Instructions for the task:
The records sit below this line. Repeat all of them exactly.

:: Data shown

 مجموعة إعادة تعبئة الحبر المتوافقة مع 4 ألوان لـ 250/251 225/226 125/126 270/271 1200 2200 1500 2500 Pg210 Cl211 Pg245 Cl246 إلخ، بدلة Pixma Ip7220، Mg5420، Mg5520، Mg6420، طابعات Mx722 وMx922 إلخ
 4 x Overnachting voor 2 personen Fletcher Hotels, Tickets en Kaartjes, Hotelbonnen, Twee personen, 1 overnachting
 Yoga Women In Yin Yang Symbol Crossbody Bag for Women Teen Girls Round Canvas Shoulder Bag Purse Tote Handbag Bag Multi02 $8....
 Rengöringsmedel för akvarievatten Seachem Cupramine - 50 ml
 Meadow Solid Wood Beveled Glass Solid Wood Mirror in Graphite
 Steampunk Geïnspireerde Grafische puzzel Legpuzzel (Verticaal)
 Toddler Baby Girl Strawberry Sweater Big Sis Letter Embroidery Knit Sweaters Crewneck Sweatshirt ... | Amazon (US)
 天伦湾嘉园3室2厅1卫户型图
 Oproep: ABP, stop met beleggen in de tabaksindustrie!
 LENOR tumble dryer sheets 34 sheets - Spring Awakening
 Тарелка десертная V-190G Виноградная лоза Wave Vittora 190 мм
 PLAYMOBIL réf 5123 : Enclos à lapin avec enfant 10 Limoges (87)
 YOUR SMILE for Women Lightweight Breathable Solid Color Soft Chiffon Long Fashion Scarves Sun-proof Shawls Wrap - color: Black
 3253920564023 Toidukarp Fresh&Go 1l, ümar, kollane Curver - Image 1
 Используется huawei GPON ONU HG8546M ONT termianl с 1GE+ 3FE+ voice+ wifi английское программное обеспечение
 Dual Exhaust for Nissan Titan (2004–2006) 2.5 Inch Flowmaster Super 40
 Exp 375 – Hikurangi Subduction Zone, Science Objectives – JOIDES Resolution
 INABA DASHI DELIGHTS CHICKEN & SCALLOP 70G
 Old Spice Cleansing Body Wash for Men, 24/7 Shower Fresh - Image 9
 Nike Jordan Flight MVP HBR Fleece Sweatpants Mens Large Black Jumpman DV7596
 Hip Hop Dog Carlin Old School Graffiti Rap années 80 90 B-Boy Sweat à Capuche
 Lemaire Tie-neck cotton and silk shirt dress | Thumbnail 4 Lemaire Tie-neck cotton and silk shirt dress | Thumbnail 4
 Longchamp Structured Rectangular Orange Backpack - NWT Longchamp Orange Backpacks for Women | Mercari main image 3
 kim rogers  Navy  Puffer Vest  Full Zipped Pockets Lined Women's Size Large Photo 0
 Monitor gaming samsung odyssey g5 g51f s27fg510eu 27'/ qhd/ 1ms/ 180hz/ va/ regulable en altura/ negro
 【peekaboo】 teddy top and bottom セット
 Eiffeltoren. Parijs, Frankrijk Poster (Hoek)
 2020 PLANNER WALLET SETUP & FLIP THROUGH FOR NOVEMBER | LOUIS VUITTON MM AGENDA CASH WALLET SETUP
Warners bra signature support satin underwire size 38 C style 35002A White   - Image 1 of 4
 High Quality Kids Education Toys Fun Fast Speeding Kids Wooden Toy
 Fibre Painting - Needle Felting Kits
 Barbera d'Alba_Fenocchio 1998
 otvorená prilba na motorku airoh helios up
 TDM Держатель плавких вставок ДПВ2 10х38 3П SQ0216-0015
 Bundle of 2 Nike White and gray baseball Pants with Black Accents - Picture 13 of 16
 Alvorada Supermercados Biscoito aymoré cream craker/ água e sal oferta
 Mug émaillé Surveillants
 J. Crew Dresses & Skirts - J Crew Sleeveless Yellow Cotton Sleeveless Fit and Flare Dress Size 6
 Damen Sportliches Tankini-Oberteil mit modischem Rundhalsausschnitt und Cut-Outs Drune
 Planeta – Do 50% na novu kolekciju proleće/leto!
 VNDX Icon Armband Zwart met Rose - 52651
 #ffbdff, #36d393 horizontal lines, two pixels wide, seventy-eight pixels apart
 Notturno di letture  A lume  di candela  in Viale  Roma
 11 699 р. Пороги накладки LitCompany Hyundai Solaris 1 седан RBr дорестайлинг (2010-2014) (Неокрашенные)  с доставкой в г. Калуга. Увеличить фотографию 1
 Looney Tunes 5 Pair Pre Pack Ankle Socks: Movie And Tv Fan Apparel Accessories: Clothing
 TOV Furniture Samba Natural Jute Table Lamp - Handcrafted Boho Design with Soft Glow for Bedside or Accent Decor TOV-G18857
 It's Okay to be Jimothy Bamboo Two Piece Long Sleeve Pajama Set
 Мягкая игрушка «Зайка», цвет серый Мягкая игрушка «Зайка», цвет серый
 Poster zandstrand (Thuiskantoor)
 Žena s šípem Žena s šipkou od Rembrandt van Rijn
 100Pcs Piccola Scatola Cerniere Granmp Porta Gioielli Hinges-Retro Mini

::::

Solution below:
 مجموعة إعادة تعبئة الحبر المتوافقة مع 4 ألوان لـ 250/251 225/226 125/126 270/271 1200 2200 1500 2500 Pg210 Cl211 Pg245 Cl246 إلخ، بدلة Pixma Ip7220، Mg5420، Mg5520، Mg6420، طابعات Mx722 وMx922 إلخ
 4 x Overnachting voor 2 personen Fletcher Hotels, Tickets en Kaartjes, Hotelbonnen, Twee personen, 1 overnachting
 Yoga Women In Yin Yang Symbol Crossbody Bag for Women Teen Girls Round Canvas Shoulder Bag Purse Tote Handbag Bag Multi02 $8....
 Rengöringsmedel för akvarievatten Seachem Cupramine - 50 ml
 Meadow Solid Wood Beveled Glass Solid Wood Mirror in Graphite
 Steampunk Geïnspireerde Grafische puzzel Legpuzzel (Verticaal)
 Toddler Baby Girl Strawberry Sweater Big Sis Letter Embroidery Knit Sweaters Crewneck Sweatshirt ... | Amazon (US)
 天伦湾嘉园3室2厅1卫户型图
 Oproep: ABP, stop met beleggen in de tabaksindustrie!
 LENOR tumble dryer sheets 34 sheets - Spring Awakening
 Тарелка десертная V-190G Виноградная лоза Wave Vittora 190 мм
 PLAYMOBIL réf 5123 : Enclos à lapin avec enfant 10 Limoges (87)
 YOUR SMILE for Women Lightweight Breathable Solid Color Soft Chiffon Long Fashion Scarves Sun-proof Shawls Wrap - color: Black
 3253920564023 Toidukarp Fresh&Go 1l, ümar, kollane Curver - Image 1
 Используется huawei GPON ONU HG8546M ONT termianl с 1GE+ 3FE+ voice+ wifi английское программное обеспечение
 Dual Exhaust for Nissan Titan (2004–2006) 2.5 Inch Flowmaster Super 40
 Exp 375 – Hikurangi Subduction Zone, Science Objectives – JOIDES Resolution
 INABA DASHI DELIGHTS CHICKEN & SCALLOP 70G
 Old Spice Cleansing Body Wash for Men, 24/7 Shower Fresh - Image 9
 Nike Jordan Flight MVP HBR Fleece Sweatpants Mens Large Black Jumpman DV7596
 Hip Hop Dog Carlin Old School Graffiti Rap années 80 90 B-Boy Sweat à Capuche
 Lemaire Tie-neck cotton and silk shirt dress | Thumbnail 4 Lemaire Tie-neck cotton and silk shirt dress | Thumbnail 4
 Longchamp Structured Rectangular Orange Backpack - NWT Longchamp Orange Backpacks for Women | Mercari main image 3
 kim rogers  Navy  Puffer Vest  Full Zipped Pockets Lined Women's Size Large Photo 0
 Monitor gaming samsung odyssey g5 g51f s27fg510eu 27'/ qhd/ 1ms/ 180hz/ va/ regulable en altura/ negro
 【peekaboo】 teddy top and bottom セット
 Eiffeltoren. Parijs, Frankrijk Poster (Hoek)
 2020 PLANNER WALLET SETUP & FLIP THROUGH FOR NOVEMBER | LOUIS VUITTON MM AGENDA CASH WALLET SETUP
Warners bra signature support satin underwire size 38 C style 35002A White   - Image 1 of 4
 High Quality Kids Education Toys Fun Fast Speeding Kids Wooden Toy
 Fibre Painting - Needle Felting Kits
 Barbera d'Alba_Fenocchio 1998
 otvorená prilba na motorku airoh helios up
 TDM Держатель плавких вставок ДПВ2 10х38 3П SQ0216-0015
 Bundle of 2 Nike White and gray baseball Pants with Black Accents - Picture 13 of 16
 Alvorada Supermercados Biscoito aymoré cream craker/ água e sal oferta
 Mug émaillé Surveillants
 J. Crew Dresses & Skirts - J Crew Sleeveless Yellow Cotton Sleeveless Fit and Flare Dress Size 6
 Damen Sportliches Tankini-Oberteil mit modischem Rundhalsausschnitt und Cut-Outs Drune
 Planeta – Do 50% na novu kolekciju proleće/leto!
 VNDX Icon Armband Zwart met Rose - 52651
 #ffbdff, #36d393 horizontal lines, two pixels wide, seventy-eight pixels apart
 Notturno di letture  A lume  di candela  in Viale  Roma
 11 699 р. Пороги накладки LitCompany Hyundai Solaris 1 седан RBr дорестайлинг (2010-2014) (Неокрашенные)  с доставкой в г. Калуга. Увеличить фотографию 1
 Looney Tunes 5 Pair Pre Pack Ankle Socks: Movie And Tv Fan Apparel Accessories: Clothing
 TOV Furniture Samba Natural Jute Table Lamp - Handcrafted Boho Design with Soft Glow for Bedside or Accent Decor TOV-G18857
 It's Okay to be Jimothy Bamboo Two Piece Long Sleeve Pajama Set
 Мягкая игрушка «Зайка», цвет серый Мягкая игрушка «Зайка», цвет серый
 Poster zandstrand (Thuiskantoor)
 Žena s šípem Žena s šipkou od Rembrandt van Rijn
 100Pcs Piccola Scatola Cerniere Granmp Porta Gioielli Hinges-Retro Mini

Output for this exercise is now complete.